Data below:
★ ★ ★ ★ ★ ★ ★

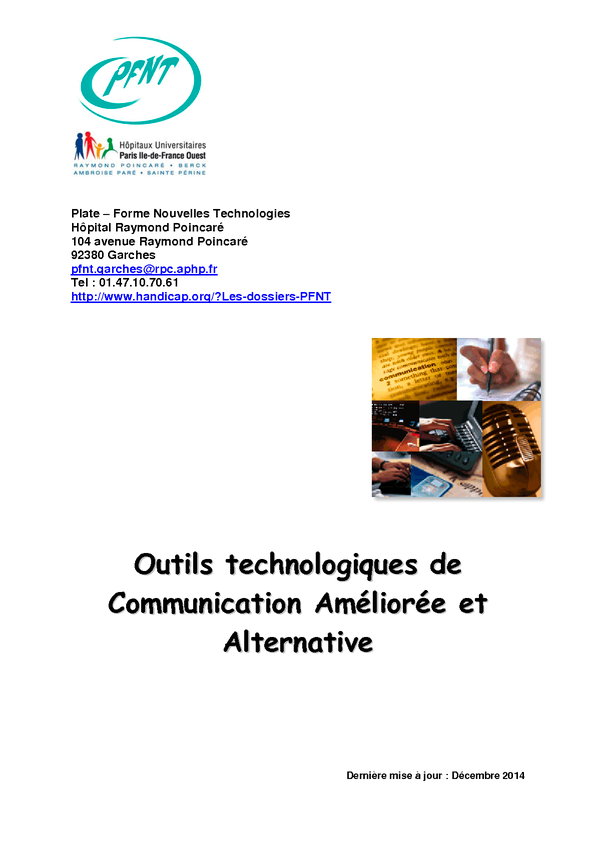 Outils_technologiques_de_Communication_Amelioree_Alternative_-_PFNT_-_Decembre_2014(1)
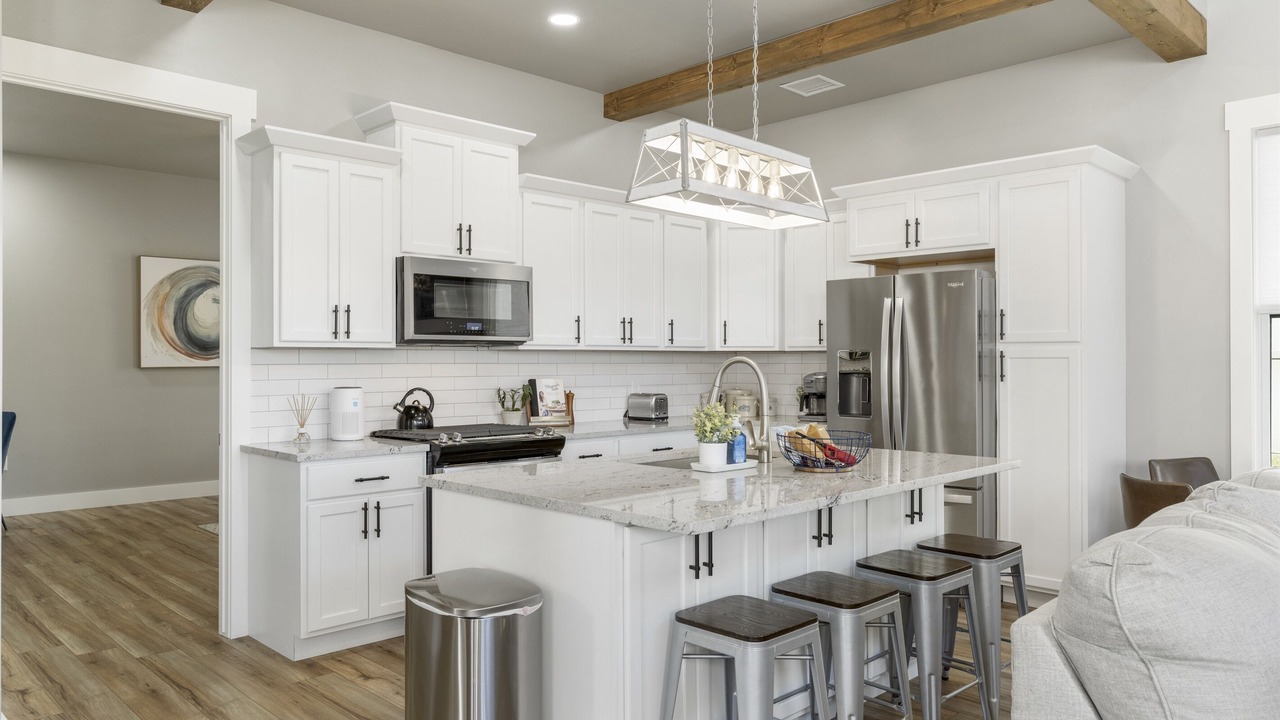 Photo of Kitchen in Vinita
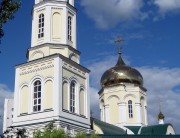Церковь Серафима Саровского на архиерейском подворье, , Оренбург, Оренбург, город, Оренбургская область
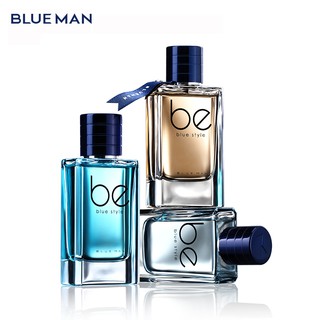 BLUEMAN Men's Cologne Perfume Light Fragrance Lasting For Male 100g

★ ★ ★ ★ ★ ★ ★

Your goal: Exact copy, pictures excluded: repeat the lines from the top of the material through the line with "Церковь Серафима Саровского".

Response area:
 Outils_technologiques_de_Communication_Amelioree_Alternative_-_PFNT_-_Decembre_2014(1)
 Photo of Kitchen in Vinita
Церковь Серафима Саровского на архиерейском подворье, , Оренбург, Оренбург, город, Оренбургская область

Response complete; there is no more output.